EEG-Novelle könnte Ausbau hemmen

Habeck beschreibt, wie genau Raumordnungsgesetze beim Planen von Windkraftanlagen angewendet werden.
Habeck: "Abstände zu Deichen, Abstände zu Wohngebieten, Abstände zu Autobahnen, so, dass sich die Kulisse immer weiter verkleinert. Wir wollen am Ende etwa 2 Prozent der Fläche ausweisen, weil wir dann die Ziele, die wir uns gesetzt haben, erreichen können."
Er würde sich eigentlich gern weitergehende Ziele setzen, als die die der Bund definiert.

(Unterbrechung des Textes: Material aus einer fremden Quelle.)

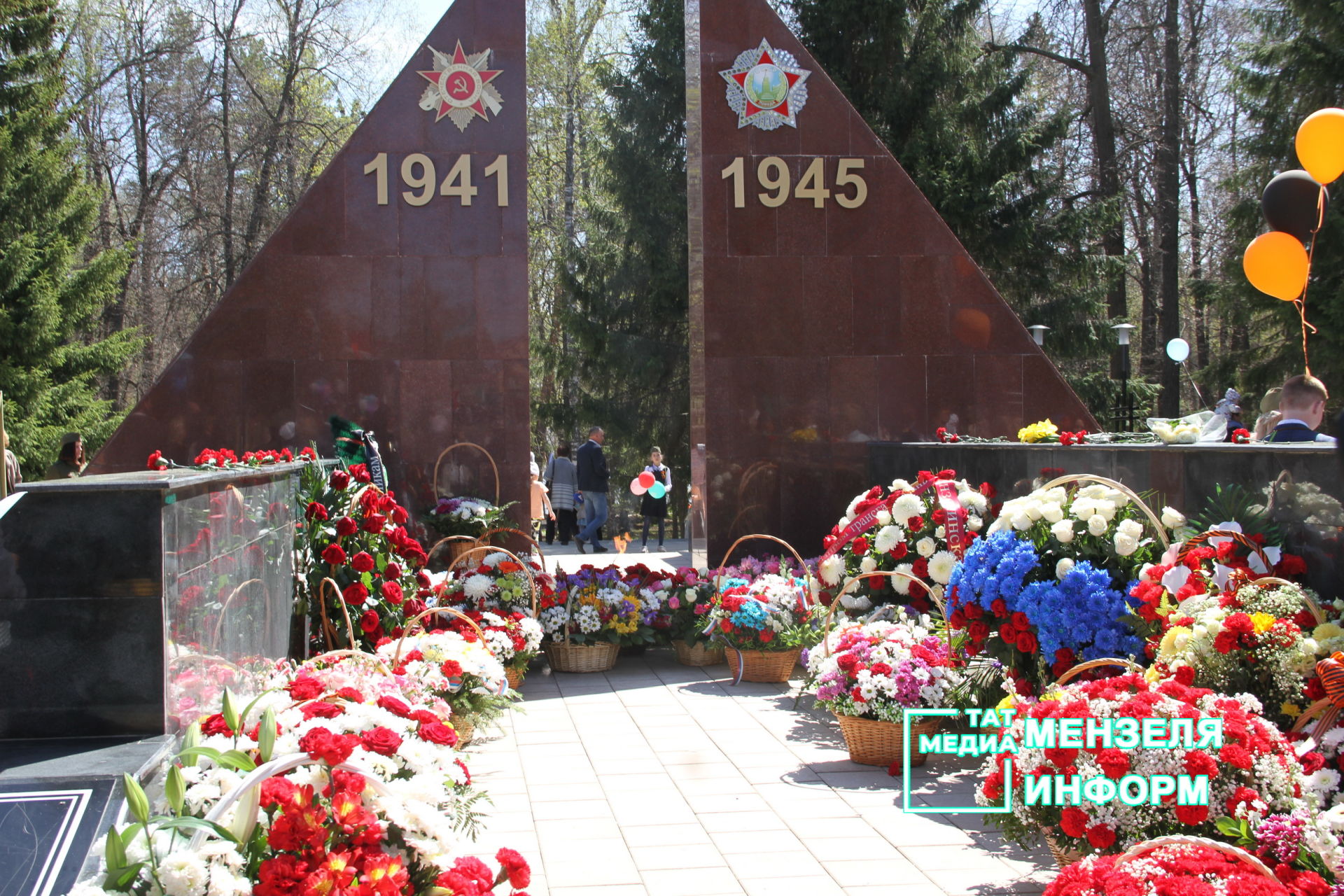 Мензелинцы возложили цветы к памятникам в честь участников Великой Отечественной войны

Der grüne Umweltminister kritisiert in diesem Zusammenhang harsch die geplante EEG-Novelle der Bundesregierung. Er befürchtet, dass dadurch der Ausbau verlangsamt werde. Die föderalistischen Strukturen in der Energiewende sieht er trotz Unterschieden in der Strategien nicht per se als Problem:
Habeck: "Die einen wollen Biomasse fördern, die anderen den Wind fördern. Die einen wollen schnellen Netzausbau, die anderen gar keinen Netzausbau. Es ist schon kompliziert, aber es ist immer gelungen, mit der Mehrheit der Länder, gute Lösungen hinzubekommen."

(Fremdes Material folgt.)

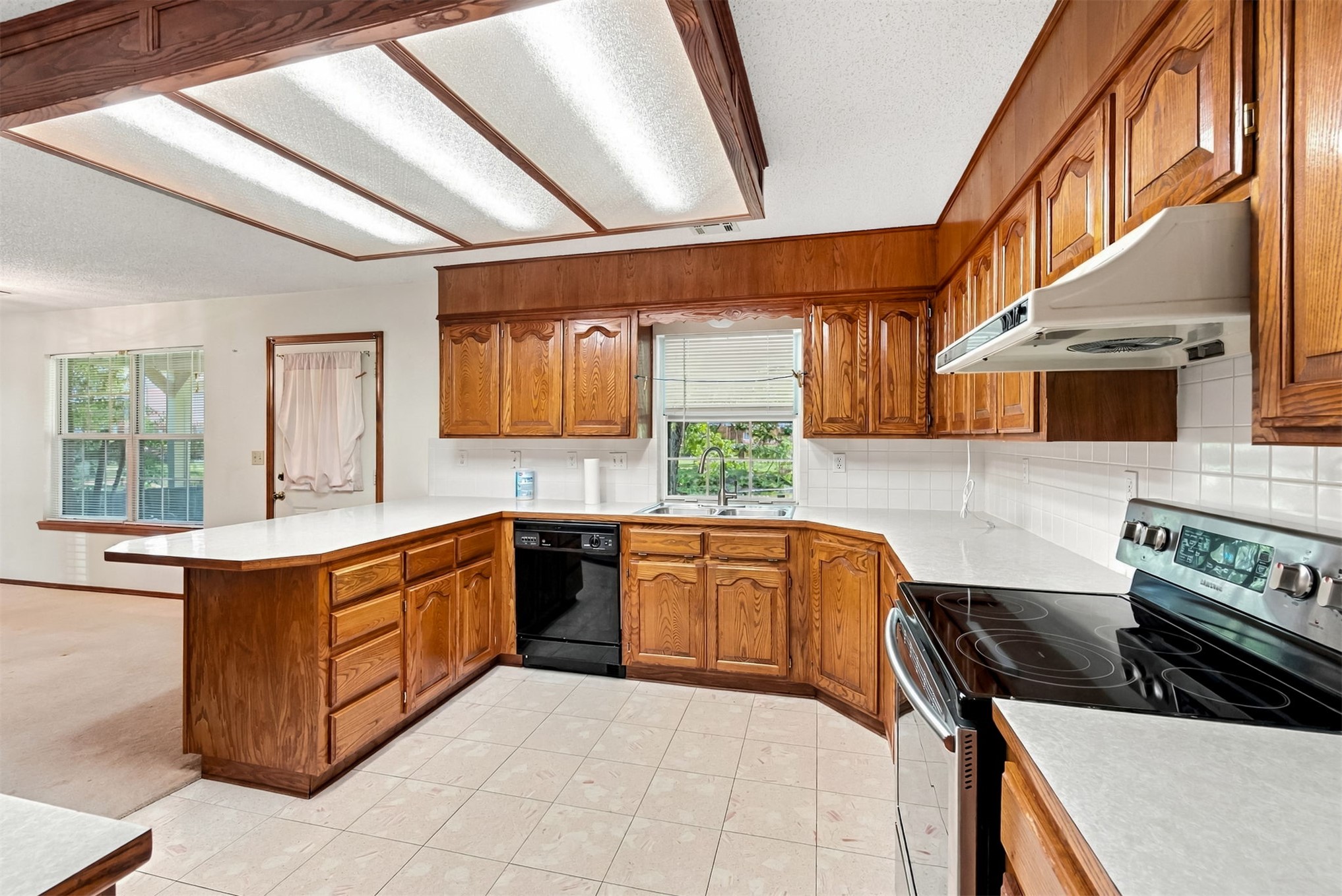 124 Magnolia Property Photo 10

Bund, Länder, da fehlen in der politischen Architektur nur noch die Kommunen. In städtischer Verantwortung sind ebenfalls wichtige Akteure bei der Gestaltung der Energiewende: die Stadtwerke. Außerdem können die Kommunen beispielsweise über Anschluss bzw. Nutzungszwang von Netzen entscheiden. Der VKU ist der Verband Kommunaler Unternehmen, die Geschäftsführerin Katherina Reiche wünscht sich mehr Übersichtlichkeit.
Reiche: "Zum Einen ist es sicherlich gut, wenn eine Landesgesetzgebung Ziele nicht einschränkt und behindert oder durch individuelle Ziele noch überlagert und erschwert. Wir würden uns eher wünschen, dass wir nicht 16 verschiedene Wenden haben, sondern eine, die bundesweit gilt und idealerweise eine, die in Europa kompatibel ist und sich einpasst in ein großes europäisches Konzept."
Die Energiewende ist also nicht nur technisch komplex, sondern auch gesetzgeberisch mehr als anspruchsvoll. Das wird auch die nächste EEG –Novelle wieder zeigen. Bis zum Sommer soll sie unter Dach und Fach sein, ob das aber angesichts der Vielzahl unterschiedlicher Interessen gelingt ist völlig offen.